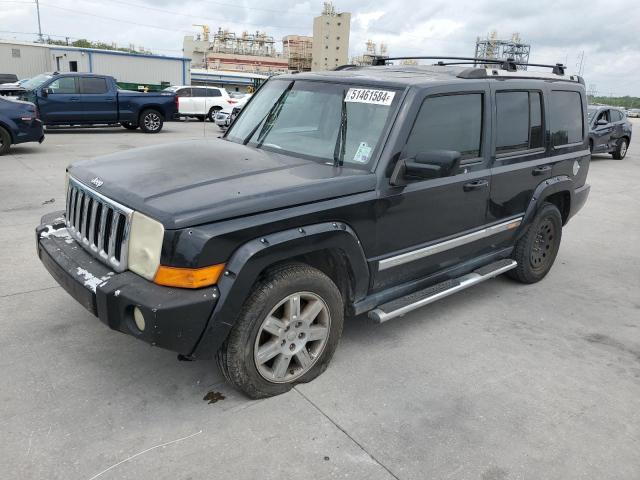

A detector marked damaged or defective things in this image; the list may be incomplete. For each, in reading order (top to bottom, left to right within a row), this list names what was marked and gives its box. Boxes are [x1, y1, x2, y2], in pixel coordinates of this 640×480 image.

damaged front bumper [37, 212, 218, 354]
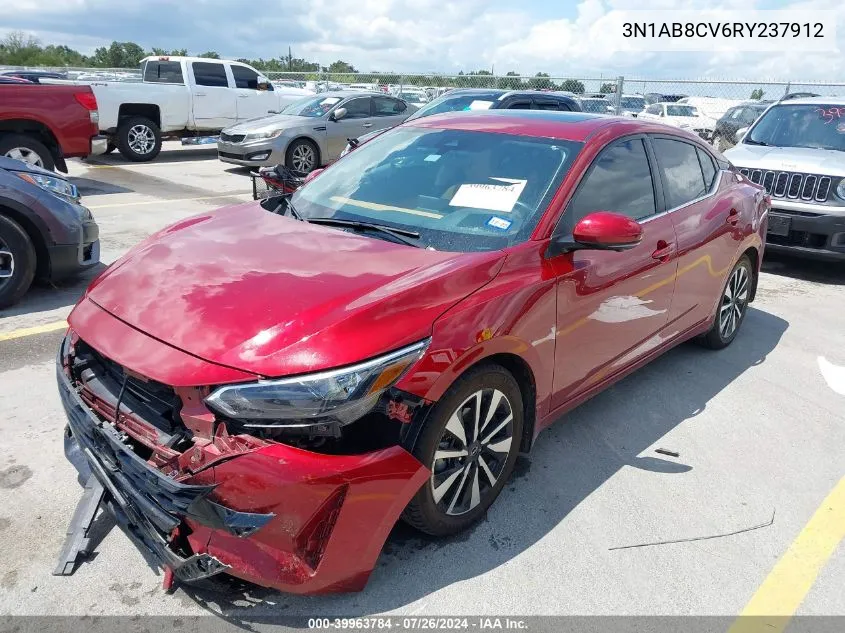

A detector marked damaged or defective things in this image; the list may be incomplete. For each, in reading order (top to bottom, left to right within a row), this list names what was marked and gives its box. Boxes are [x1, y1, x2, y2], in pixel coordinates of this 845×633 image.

crumpled hood [224, 113, 310, 133]
crumpled hood [724, 142, 844, 174]
crumpled hood [81, 202, 502, 378]
damaged front bumper [57, 350, 428, 592]
broken bumper piece [59, 360, 428, 592]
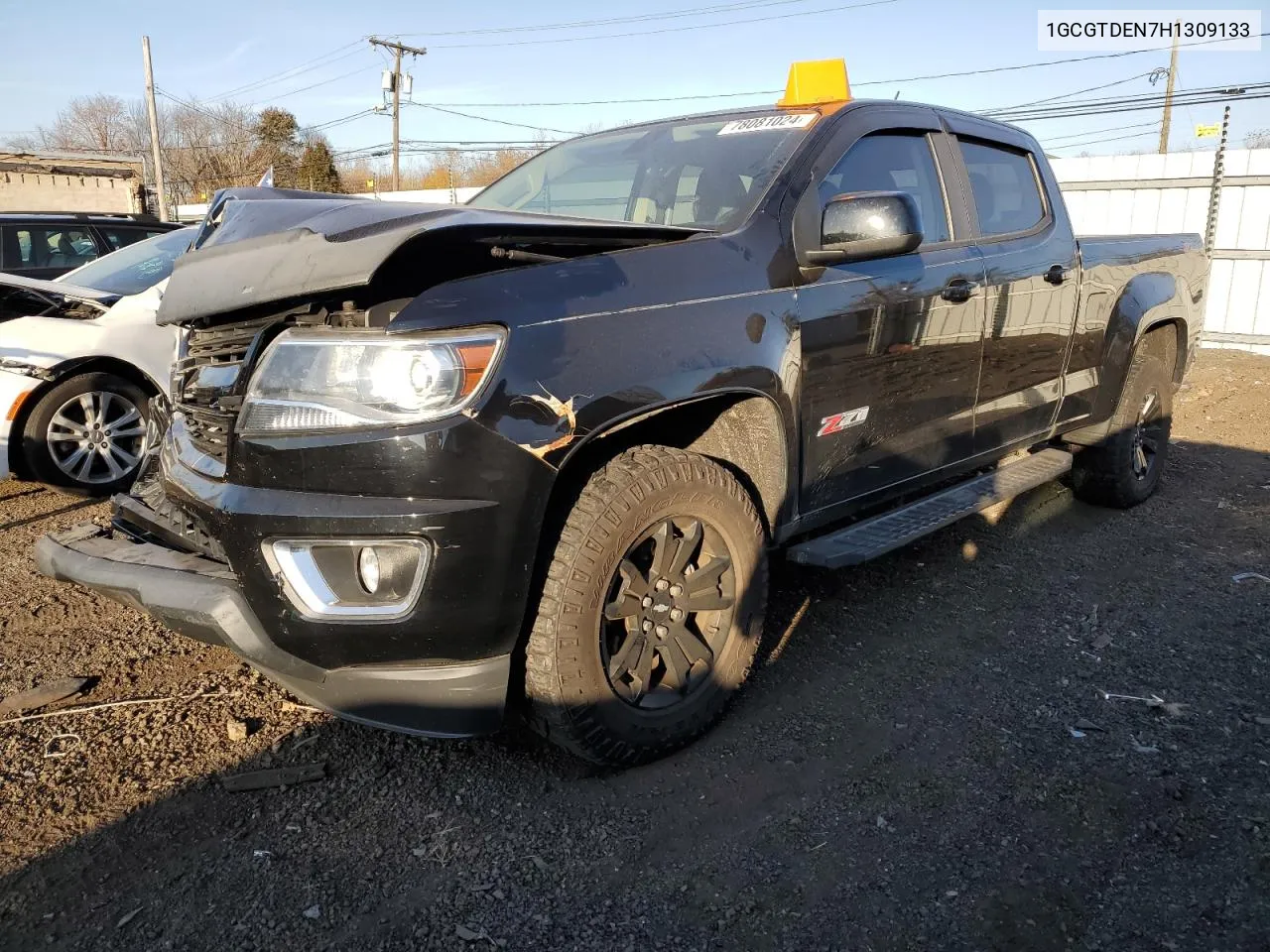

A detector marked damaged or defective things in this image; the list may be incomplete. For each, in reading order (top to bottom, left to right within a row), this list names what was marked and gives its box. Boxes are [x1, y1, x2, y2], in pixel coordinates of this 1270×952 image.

**Brief**
Copy exactly the lines from the line that has "this 845×633 image." through the last line of the entries above, inclusive, and no others. Pictures do not go in the copy.

**Task result**
A detector marked damaged or defective things in this image; the list may be incomplete. For each, in reading order (top to bottom, left to right within a row), this list names what was marked and gives its box. Boxes are [x1, y1, x2, y2], in pixel coordinates of this 845×633 image.

crumpled hood [224, 113, 310, 133]
crumpled hood [724, 142, 844, 174]
crumpled hood [81, 202, 502, 378]
damaged front bumper [57, 350, 428, 592]
broken bumper piece [59, 360, 428, 592]

A detector marked damaged or defective things in this image; the list may be incomplete. For each, in reading order (top to bottom, left to right within a row), this list names what was marked and gives its box. Boxes are [x1, y1, x2, y2], in pixel coordinates of this 1270×952 image.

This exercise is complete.